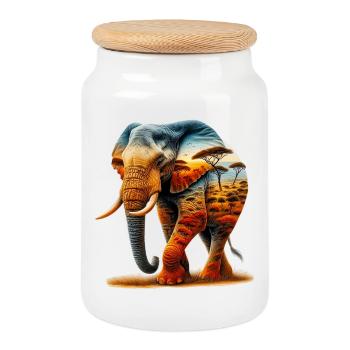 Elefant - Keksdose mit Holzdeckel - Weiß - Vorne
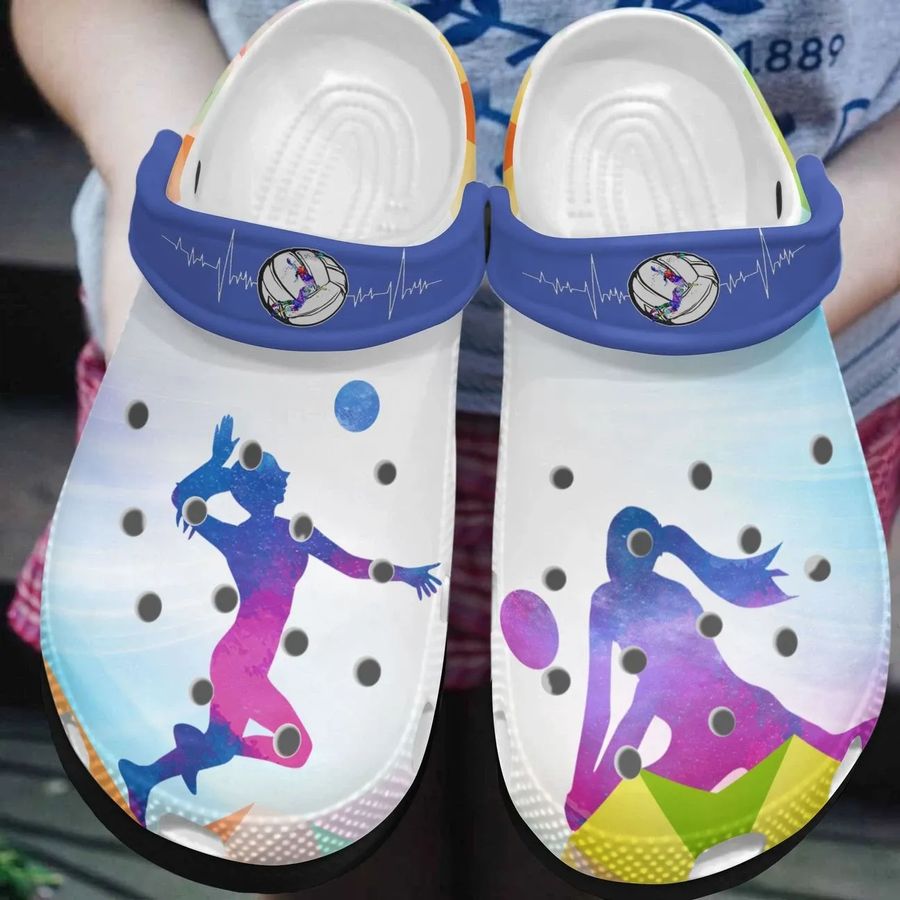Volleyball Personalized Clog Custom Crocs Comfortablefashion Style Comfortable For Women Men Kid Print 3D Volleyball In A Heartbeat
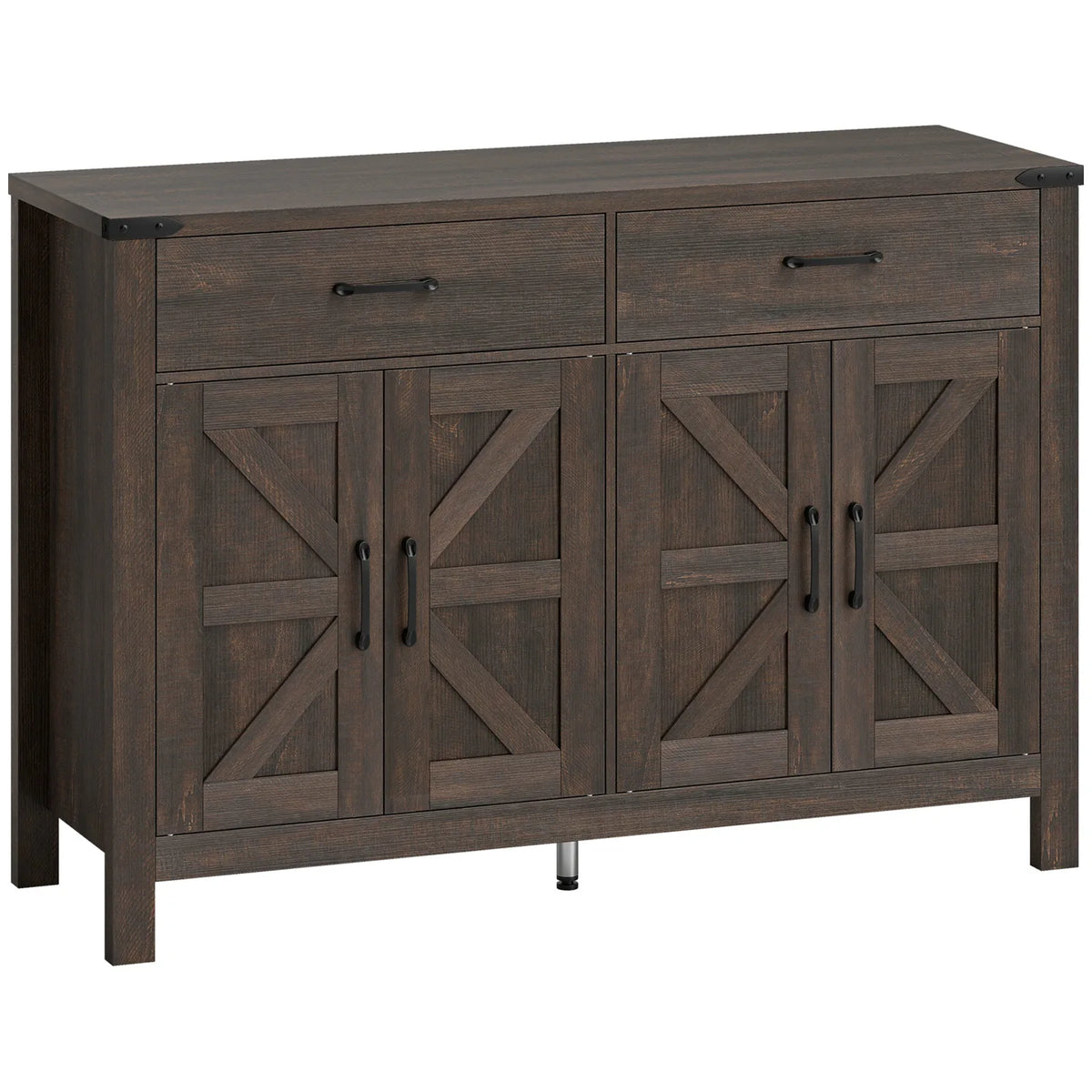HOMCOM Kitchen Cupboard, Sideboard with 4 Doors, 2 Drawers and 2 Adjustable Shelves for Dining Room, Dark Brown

**TASK PROMPT**
Pictures do not belong in the copy. Repeat exactly each line from the one with "Volleyball Personalized Clog" through the end of the listing.

**RESPONSE FOR THIS EXERCISE**
Volleyball Personalized Clog Custom Crocs Comfortablefashion Style Comfortable For Women Men Kid Print 3D Volleyball In A Heartbeat
HOMCOM Kitchen Cupboard, Sideboard with 4 Doors, 2 Drawers and 2 Adjustable Shelves for Dining Room, Dark Brown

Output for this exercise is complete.